Qualifikationsanalyse: Kompetenzen praktisch nachweisen

Der syrische Koch Jigar Hasso zum Beispiel, der in einem Erfahrungsbericht auf dem Portal vorgestellt wird, wollte seine beruflichen Chancen in Deutschland durch eine Anerkennung verbessern, hatte allerdings aufgrund seiner Flucht keine Dokumente über die Inhalte seiner in Syrien staatlich anerkannten Ausbildung. Deshalb bekam er die Möglichkeit, im Rahmen einer Qualifikationsanalyse in einer Großküche ein 3-Gänge-Menü zuzubereiten sowie ein Fachgespräch zu führen, um seine Kompetenzen unter Beweis zu stellen.

Die über hundert Beratungsstellen des Förderprogramms Integration durch Qualifizierung (Netzwerk IQ) geben kostenfrei Antworten auf spezifische und individuelle Fragen rund um die Anerkennung sowie Unterstützung beim Ausfüllen der Formulare. Wenn dann der Anerkennungsbescheid vorliegt und ausweist, dass der ausländische Abschluss nur teilweise anerkannt wird, können die Beraterinnen und Berater des Netzwerkes IQ auch Qualifizierungswege sowie Möglichkeiten der Finanzierung aufzeigen. Über das Förderprogramm werden außerdem passgenaue Anpassungsqualifizierungen für verschiedene Berufe angeboten, an denen die Zuwanderer kostenfrei teilnehmen können.

Anerkennung der Zeugnisse – schon vor der Einreise?

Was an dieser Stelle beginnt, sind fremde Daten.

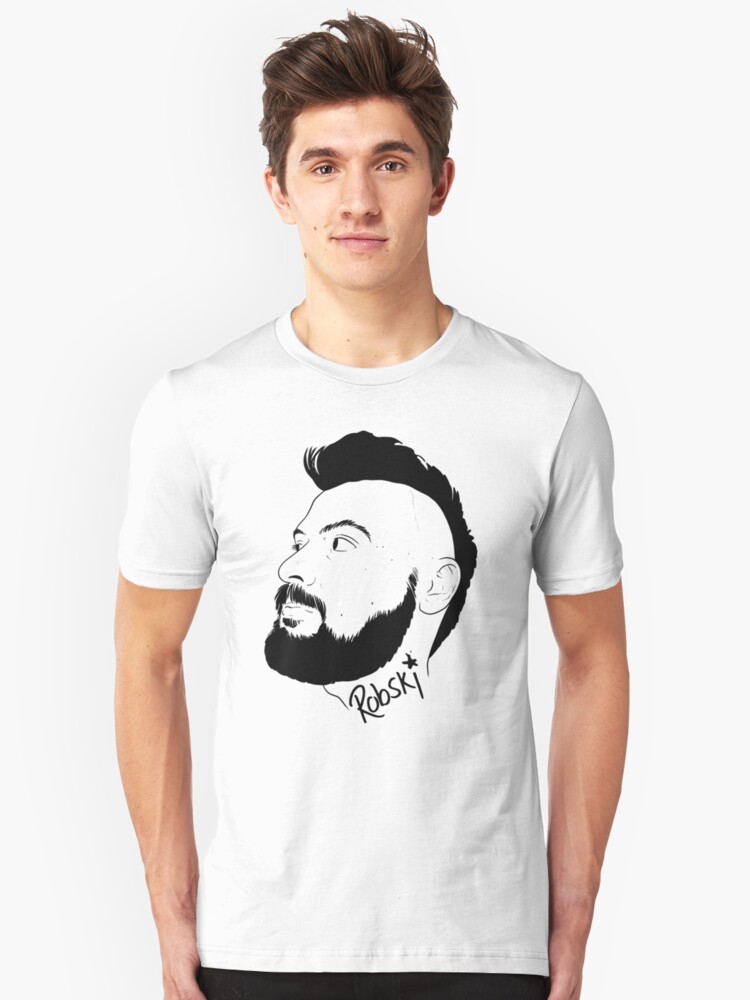 Alternate view of Alexander Bobu - black lines Slim Fit T-Shirt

Auch die Industrie- und Handelskammern (IHKs) sowie die Außenhandelskammern (AHKs) führen verschiedene Projekte rund um die Anerkennung durch. Mit dem Projekt Professional & Vocational Qualifications for Germany, kurz ProRecognition, wendet sich der Deutsche Industrie- und Handelskammertag (DIHK)  an Menschen, die sich noch in der Heimat befinden. Im Rahmen der BMBF-geförderten Initiative bieten die AHKs in Ägypten, China, Indien, Iran, Italien, Marokko, Polen und Vietnam seit Herbst 2015 Informationen und Beratung zur Anerkennung sowie Unterstützung bei der Antragstellung an. „Ziel ist, dass die Menschen sich nicht erst nach der Ankunft um die Anerkennung ihrer Qualifikationen kümmern müssen, sondern dass sie gut vorbereitet nach Deutschland kommen, um hier schnell in den Arbeitsmarkt integriert werden zu können“, erklärt Projektkoordinatorin Sabine Kotsch.

Der Beitrag erschien zuerst auf der Webseite des Goethe Instituts.